● **Assigned task**
The reply should repeat all of the data word for word, with no pictures.
··· Provided material ···
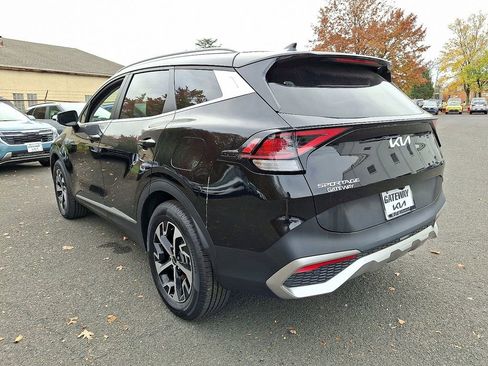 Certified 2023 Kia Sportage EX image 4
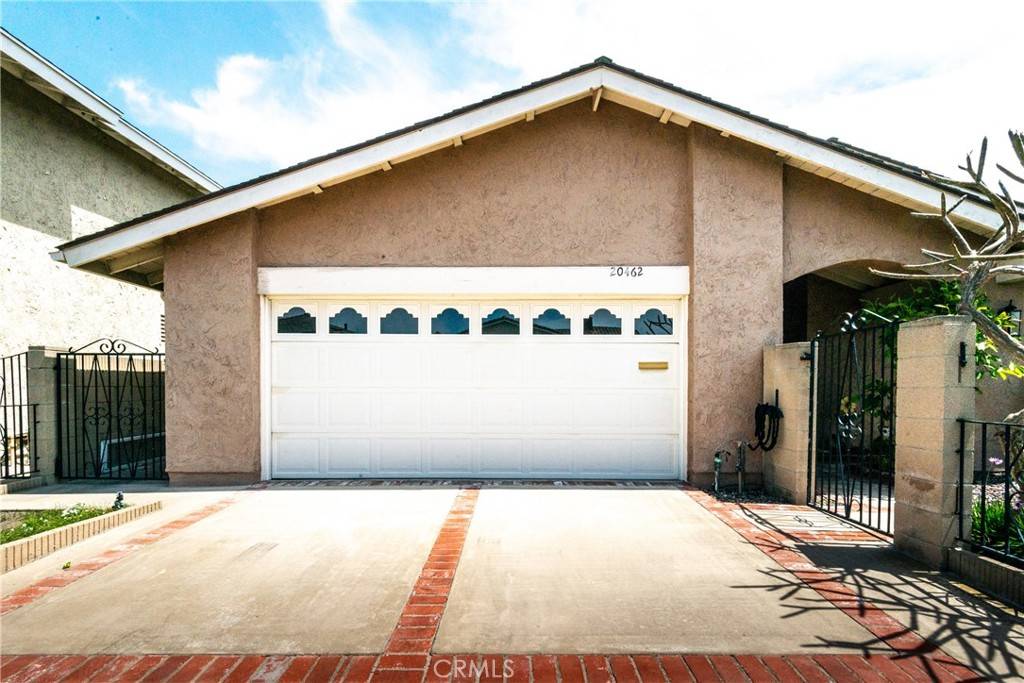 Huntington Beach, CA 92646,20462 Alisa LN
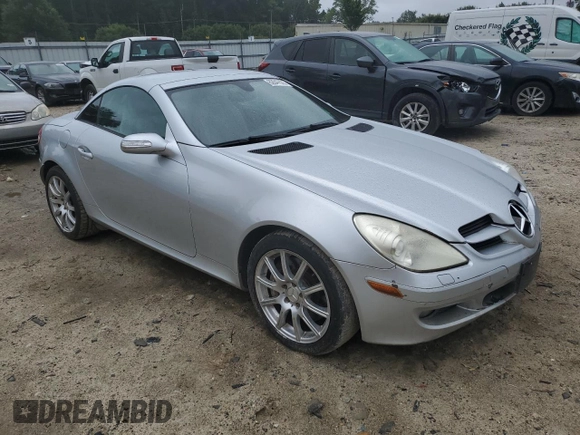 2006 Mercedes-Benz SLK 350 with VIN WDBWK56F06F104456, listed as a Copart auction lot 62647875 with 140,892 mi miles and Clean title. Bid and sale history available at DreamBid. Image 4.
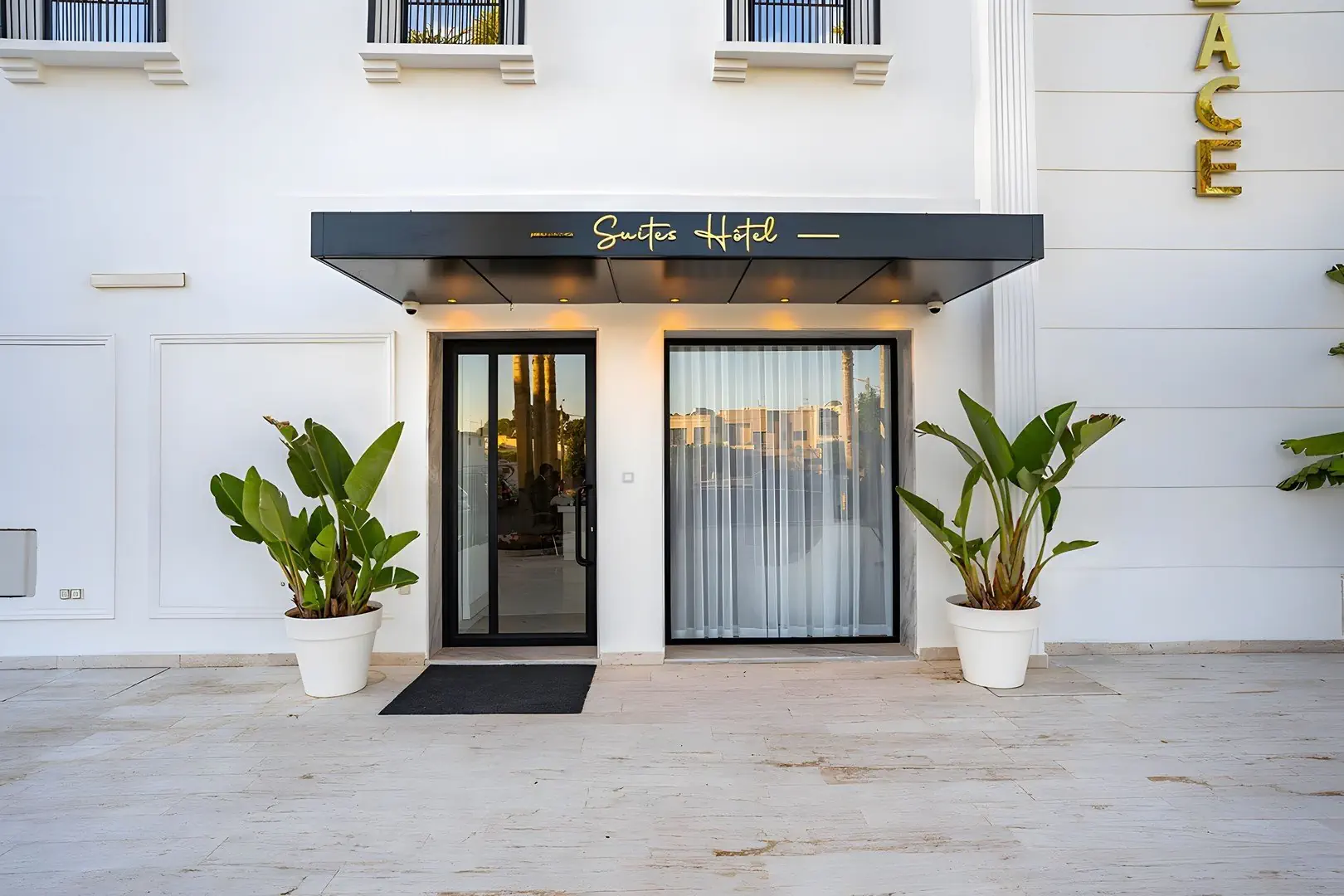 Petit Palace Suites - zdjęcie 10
···
● **Answer space**
 Certified 2023 Kia Sportage EX image 4
 Huntington Beach, CA 92646,20462 Alisa LN
 2006 Mercedes-Benz SLK 350 with VIN WDBWK56F06F104456, listed as a Copart auction lot 62647875 with 140,892 mi miles and Clean title. Bid and sale history available at DreamBid. Image 4.
 Petit Palace Suites - zdjęcie 10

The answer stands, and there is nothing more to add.